Tuvimos también un encuentro no agraciado con un revisor del tranvía que nos quería hacer pagar una multa, porque según él nuestro sms de comprar tickets no era válido, que sí lo era. Los revisores iban de vestidos de paisanos, y en concreto con vestimentas que parecían más bien canis que revisores, sobre todo porque nos hablaban super brusco, y concretamente a mí (higinio) me insultaba y me imitaba por mi manera de hablar, un numerito. La multa no la pagamos porque no tenían razón, pero se llevó un buen rato tratándonos fatal.

Pero para mí hay una historia que se lleva la palma, y es la siguiente. Salgo hace dos días a las 7 de la tarde en bici, y pensé coger un tren en una estación cercana a nuestra casa e irme a un pueblo, Petrov, y luego volverme en bici. Me acerco a la estación y había una mujer con una cara de amargada bastante importante. Me acerco, y le pregunto si hay trenes para Petrov desde esa estación y me dice que sí. Le digo que me de un ticket para el siguiente, y me cobró los 2 euros que valía. Me doy cuenta que el billete no tiene ni la hora del tren ni el andén, así que con la bicicleta a mi lado le pregunto que en qué andén tengo que esperar al siguiente trén y me dice que en el tercero, bajando las escaleras y saliendo por el final, y nada, ella me ve cómo cargo mi bici y me voy por las escaleras.

Me siento en el tercer andén a esperar el tren y no llegaba, a los 15 minutos me voy para un checo que estaba sentado un poco más allá, y le pregunto si sabe a que hora pasa el siguiente tren para Petrov, y señalandome para información me dice “information”. Solo dijo eso, muy amable. Como no había nadie más sigo esperando y llega el tren finalmente, pero cuando me voy a montar, pensé voy a preguntar por si acaso, y le pregunto a un chaval si el tren va para Petrov, y me dice que no. Espero 15 minutos más, ya llevaba más de media hora, y llega otro tren, se baja el revisor y le pregunto y me dice que tampoco va para Petrov.

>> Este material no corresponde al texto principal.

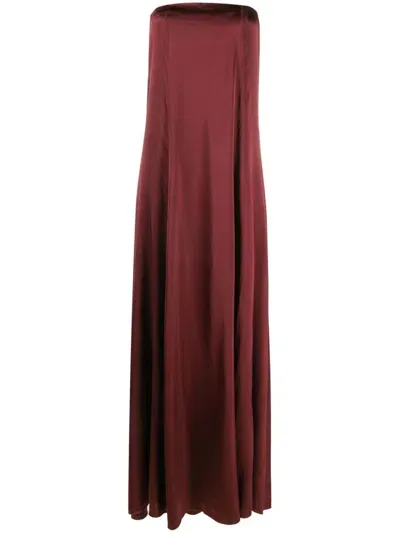 Forte Forte A-line Strapless Stretch-silk Maxi Dress In Brown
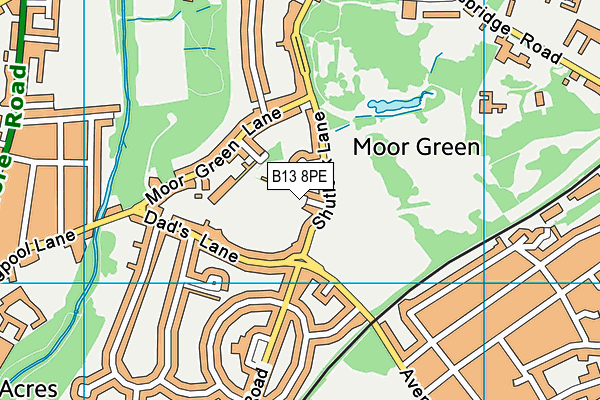 B13 8PE map - OS VectorMap District (Ordnance Survey)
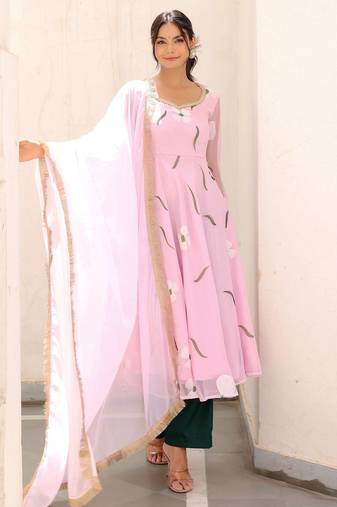 blush pink floral printed anarkali kurta with trouser set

Así que cargo mi bici de nuevo, y bajo y subo las escaleras hasta llegar al “chorrito de alegría”:la mujer de los tickets de tren. Me ve llegar de nuevo, apenas había nadie allí, y me pregunta, ¿que quieres?, y le digo, ¿a qué hora pasa el siguiente tren?, y me dice “five”, y le digo “in five minutes?”, y dice “no, five o´clock”. A las 5 de la mañana era el siguiente tren! madre mía, y ella me estaba viendo allí esperarlo y no me decía nada, y ella me había vendido el ticket y me había dicho que allí tenia que esperarlo. Yo la hubiera mandado a la mierda o carajo (con educación jaja), pero como no se cómo se dice, le pregunto que si ella sabía que pasaba a las cinco de la mañana para que me vende el ticket?, y me dice: “tú me lo has pedido, yo te lo vendo”. Total que le digo si me puede devolver el ticket, para no perder los dos euros al menos, y por primera vez suelta una carcajada y dice, esta vez en checo, “NE”, que es no. Y nada, me fuí y la puse la primera en mi lista de enemigos.